(Image-caption web data)
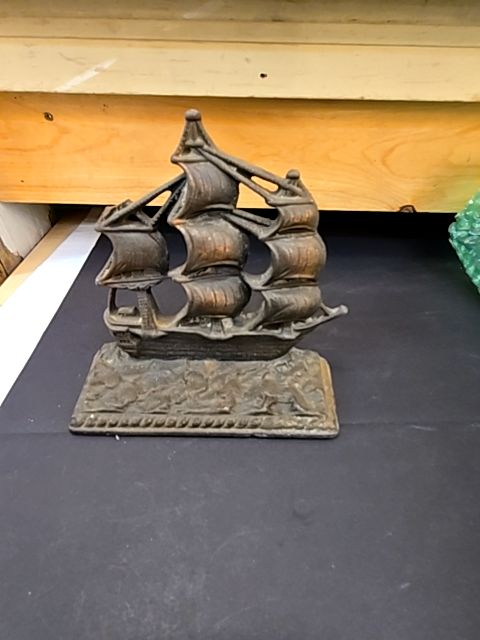 Pirate ship bookend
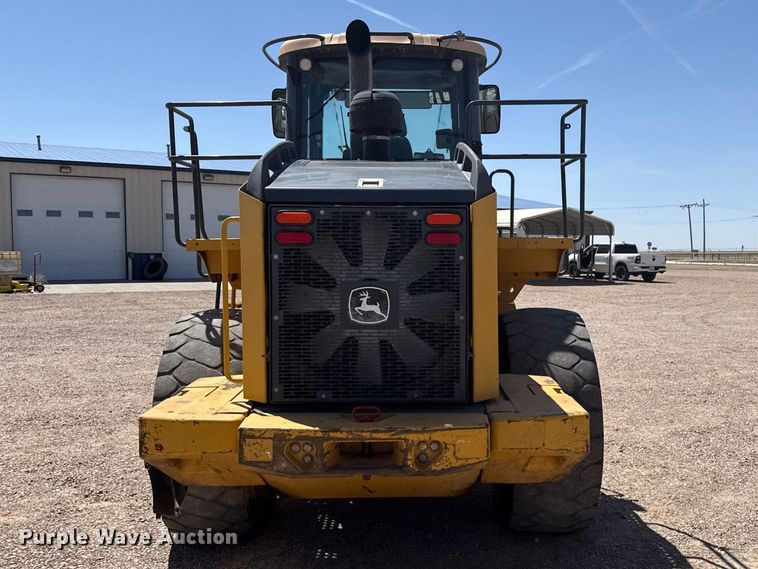 image for item FC2315 2014 John Deere 724K wheel loader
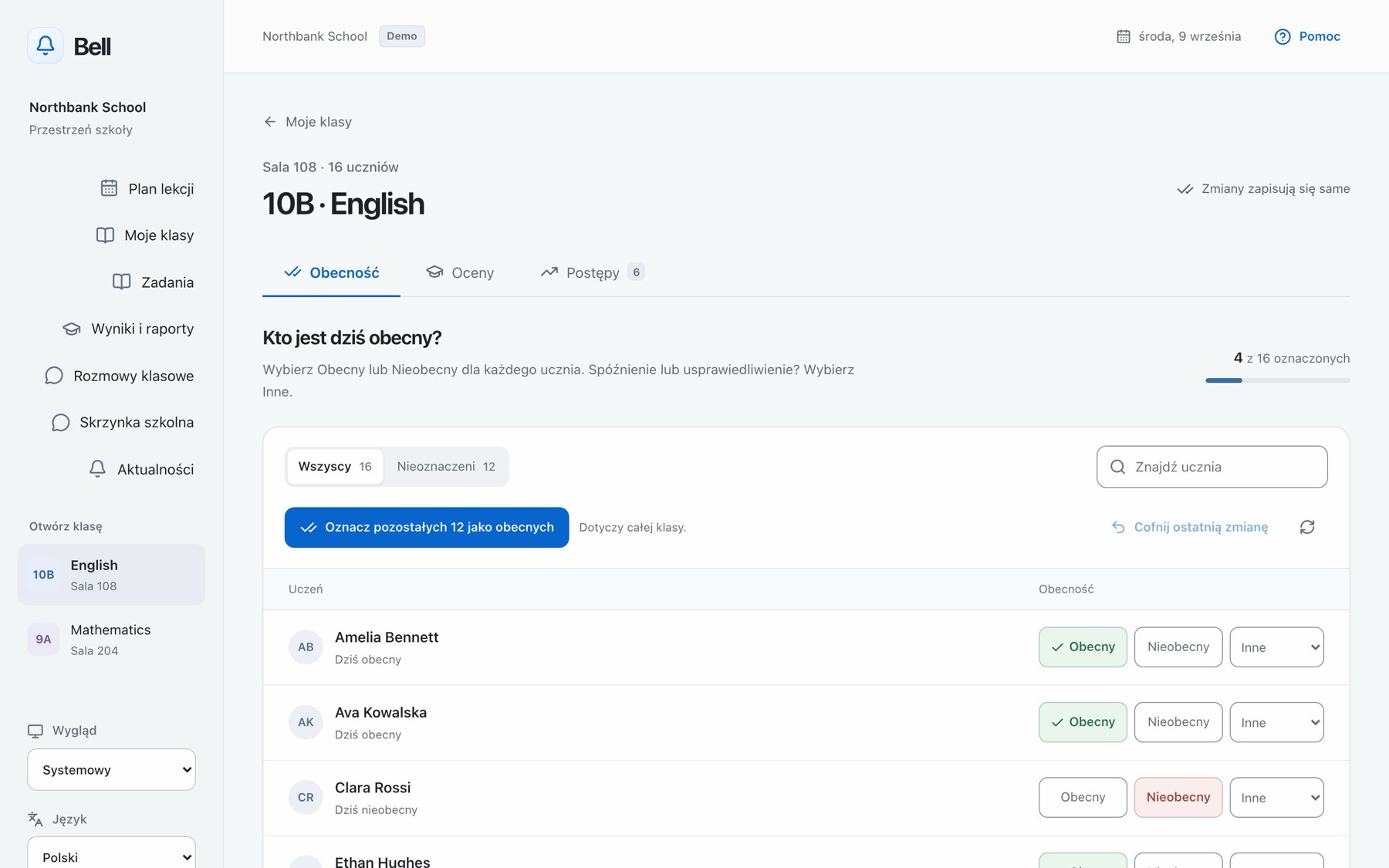 Dziennik obecności klasy 10B English w przeglądarce: szesnastu uczniów z przyciskami Obecny, Nieobecny i Inne, czworo już oznaczonych, wyszukiwarka i dopisek, że zmiany zapisują się same.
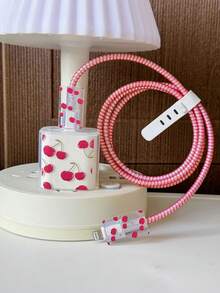 Set de 5 piese pentru încărcătoare roșii, rezistente la șocuri, cu model drăguț de cireșe, include un protector pentru cablul de încărcare și o protecție pentru capul de încărcare care protejează împotriva ruperii, murdăriei și șocurilor. Compatibil cu încărcătoarele de 20W/18W. Un cadou minunat de sărbători. Un cadou drăguț în stil japonez și coreean pentru prietena sau cea mai bună prietenă. Cadou de ziua de naștere pentru femei. Încărcătoare. - roșu - Vizualizare 4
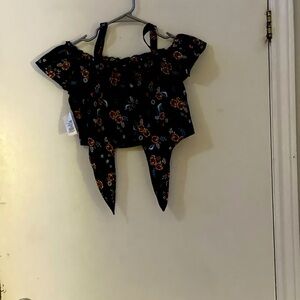 Pretty black short top with flowers with pretty ropes.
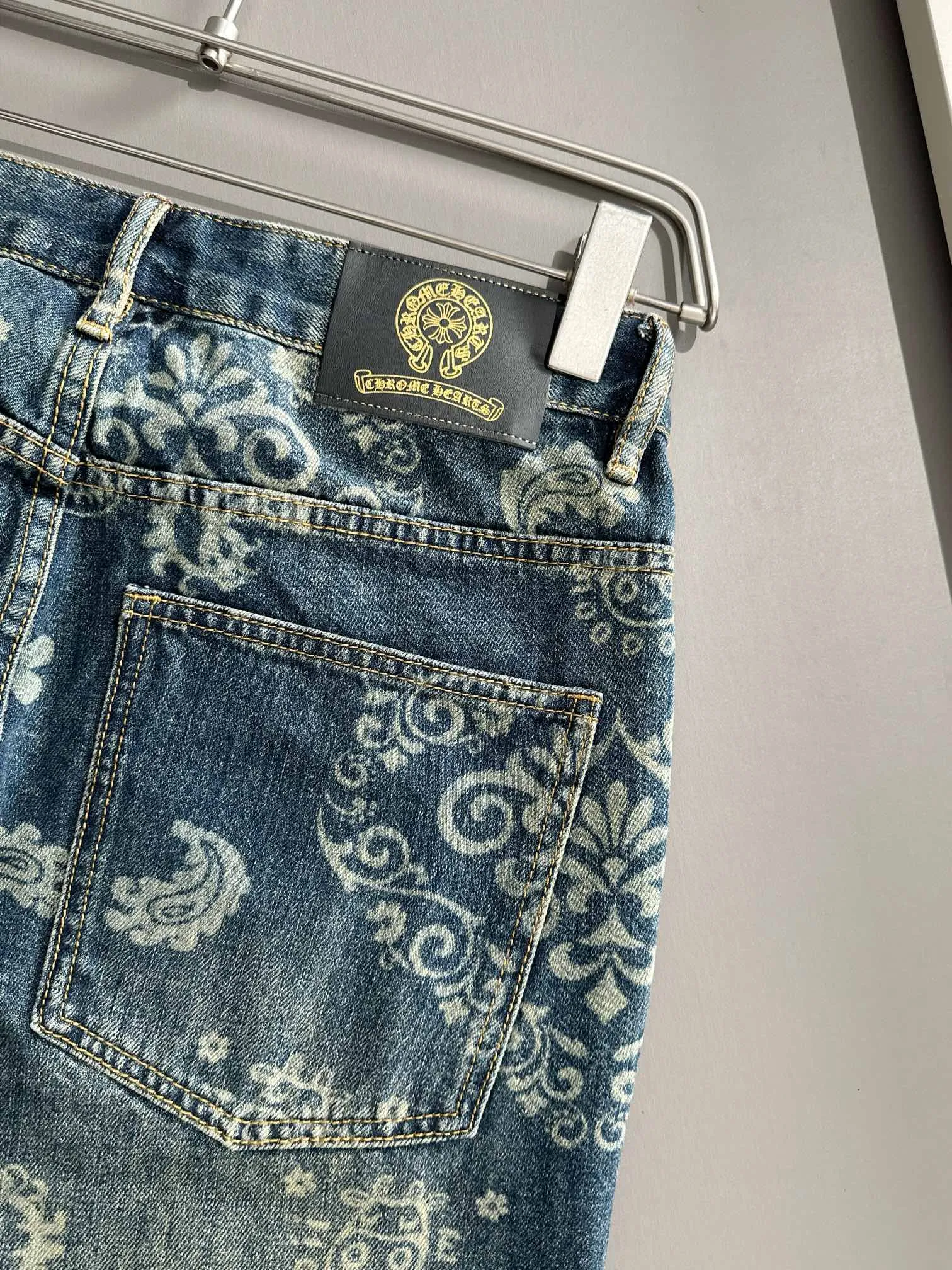 🅿️400 Croxin 2025 Four Seasons Loose Jeans and Straight Trousers, the trend in the trend! Many fashion bloggers control the upper body. The water is woven from imported Japanese Denim plain cotton denim fabric. It has three standards, is soft, delicate, comfortable and breathable. The color has a modern and fashionable vicissitudes. The upper body is versatile and fashionable! Light luxury, a must-have item for daily commuting! Code number: 28-40 (please state your height and weight when placing an order)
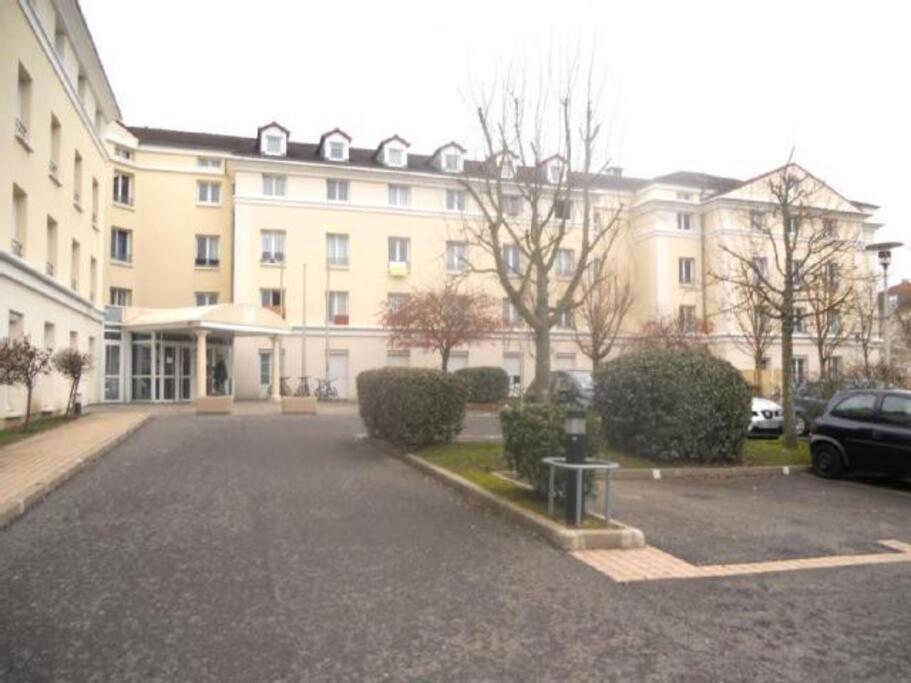 Cosy flat Apartamento Bussy-Saint-Georges Exterior foto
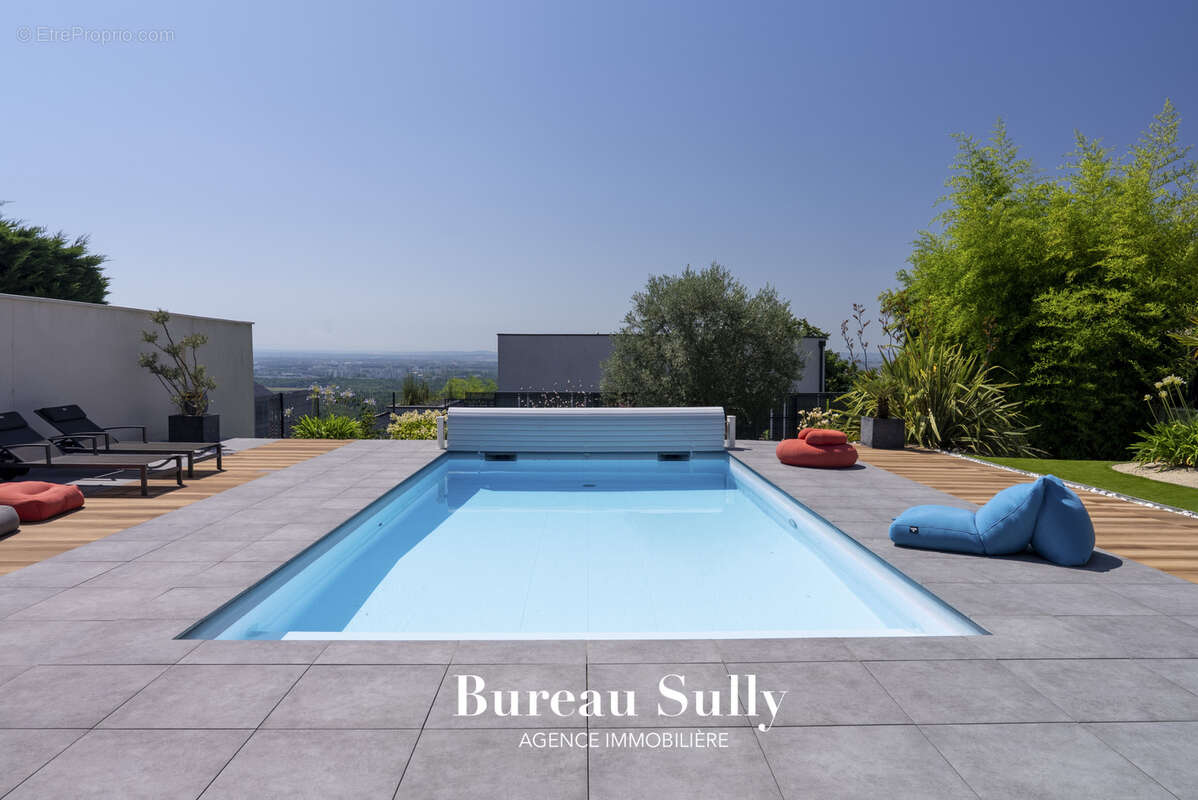 Maison à RILLIEUX-LA-PAPE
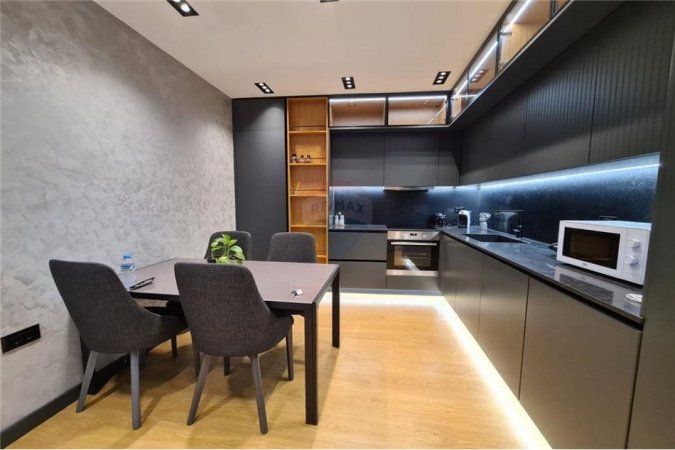 Tirane, jepet me qera apartament 2+1 , 100 m² (Apartament luksoz me qira ne Qender!)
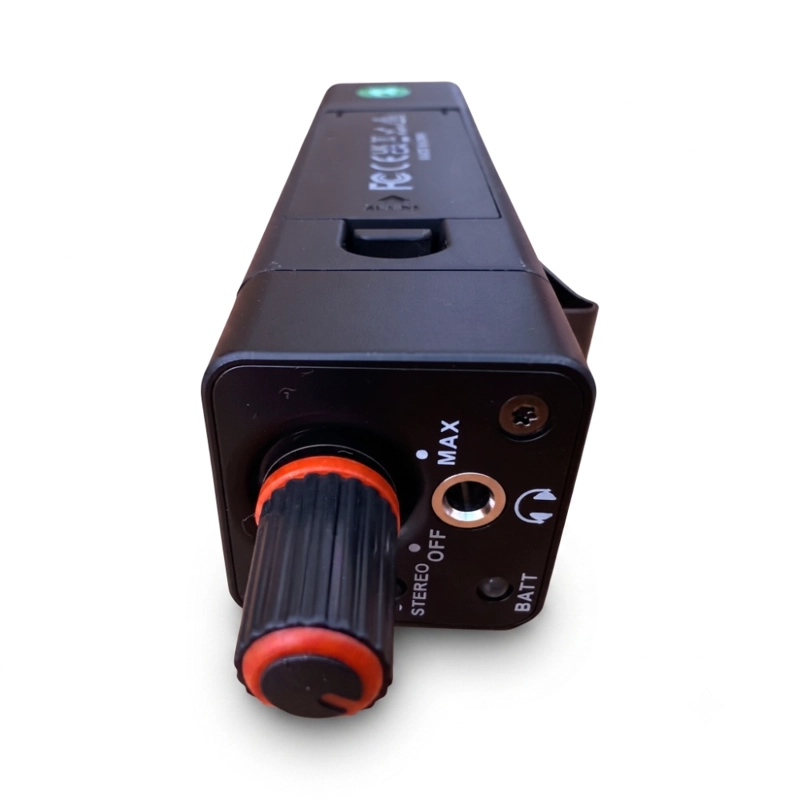AMPLIFICADOR DE MONITOREO IN-EAR XVIVE P4 PROFESIONAL CON ENTRADA XLR/TRS - 1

*Exercise objective:* Return every entry word for word, leaving the pictures out.

*Response below:*
 Pirate ship bookend
 image for item FC2315 2014 John Deere 724K wheel loader
 Dziennik obecności klasy 10B English w przeglądarce: szesnastu uczniów z przyciskami Obecny, Nieobecny i Inne, czworo już oznaczonych, wyszukiwarka i dopisek, że zmiany zapisują się same.
 Set de 5 piese pentru încărcătoare roșii, rezistente la șocuri, cu model drăguț de cireșe, include un protector pentru cablul de încărcare și o protecție pentru capul de încărcare care protejează împotriva ruperii, murdăriei și șocurilor. Compatibil cu încărcătoarele de 20W/18W. Un cadou minunat de sărbători. Un cadou drăguț în stil japonez și coreean pentru prietena sau cea mai bună prietenă. Cadou de ziua de naștere pentru femei. Încărcătoare. - roșu - Vizualizare 4
 Pretty black short top with flowers with pretty ropes.
 🅿️400 Croxin 2025 Four Seasons Loose Jeans and Straight Trousers, the trend in the trend! Many fashion bloggers control the upper body. The water is woven from imported Japanese Denim plain cotton denim fabric. It has three standards, is soft, delicate, comfortable and breathable. The color has a modern and fashionable vicissitudes. The upper body is versatile and fashionable! Light luxury, a must-have item for daily commuting! Code number: 28-40 (please state your height and weight when placing an order)
 Cosy flat Apartamento Bussy-Saint-Georges Exterior foto
 Maison à RILLIEUX-LA-PAPE
 Tirane, jepet me qera apartament 2+1 , 100 m² (Apartament luksoz me qira ne Qender!)
AMPLIFICADOR DE MONITOREO IN-EAR XVIVE P4 PROFESIONAL CON ENTRADA XLR/TRS - 1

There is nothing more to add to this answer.